Recounting the groups various engagements and awareness creation on campus, Magashi narrated further, “through that journey, I dived into the Nigeria Medical student association (NMSA) where I became the vice president and met with Tanko Yakasai who is now a medical doctor, together we furthered the quest”.
He reminisced over the tremendous amount of support and goodwill the group gathered within and outside BUK campus.
“The likes of Muhammad Abdullahi Indabawa, Tijjani Tukur Dambazau who at that time were involved in the advocacy of good governance and democracy all gave their support.
“I involved them in the plan of creating HIV clubs in the schools, surprisingly they were also looking for young people to advocate good governance and democracy in Kano state, and advised me to join them”.
“I felt that rather than joining them, why not merge as one, to become a full fledge NGO,” he recounted.
“Together with my friends from Primary school and alumni of Dawakin Tofa, class 1991 chapter who showed interest we formed the Youth society for the prevention of Infectious diseases and social vices (YOSPIS) in September 1997 and expanded the activities outside the campus to become an independent body.”

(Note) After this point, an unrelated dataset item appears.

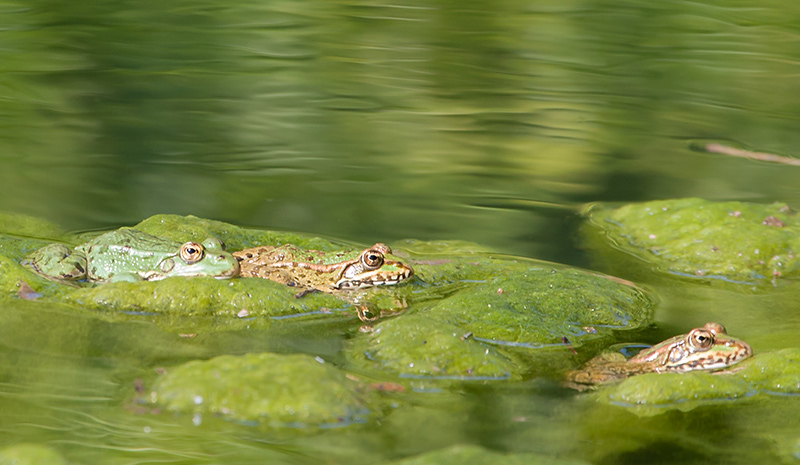 Granota verda o comuna (Pelophylax perezi)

YOSPIS Biggest Legacy is establishing the NGO – Magashi
In an exclusive interview, Dr. Aminu Magashi, who was the brain behind the group’s formation unveiled various achievements and legacies of YOSPIS and said It was an amazing journey to see through the achievements and developments of the enduring non-profit over the years.
He stated that “I could remember vividly in 1997, when we secured the name, we set out to establish the objectives of the four amalgamated groups; the medical student association, the youth advocacy for good governance, primary and secondary groups to fit in
“I became the first maiden executive chairman while Tijjani Tukur emerged as the vice chairman, Mannir Muhammad Indabawa the director finance who later become director protocol, Hajara Ni’ima Kera becamed the secretary-general”
Magashi revealed that the biggest legacy of YOSPIS is the mobilization of young people that they can do it and do it better and establishment of the NGO.
He added that “as young people, it was a great achievement to manage millions of funds without misappropriation
“Everything we did before was voluntary, only money from friends and families we relied on. We began thinking of ways to raise funds and launched our first fundraising event at the central hotel in February 1998.
“The money gathered from it was used to pay a rent of two years at a shopping complex here in Kano, later on, we secured funds from UNICEF, World Banks, and politicians, to keep YOSPIS going,” He recalled with nostalgia.
The organisation has set the pace for other young people to create their NGO in Kano, this to me is the biggest achievement Magashi concluded.
He lastly advised that people should continue supporting the young people, as they are the leaders of today and tomorrow in order to have a healthier Nation.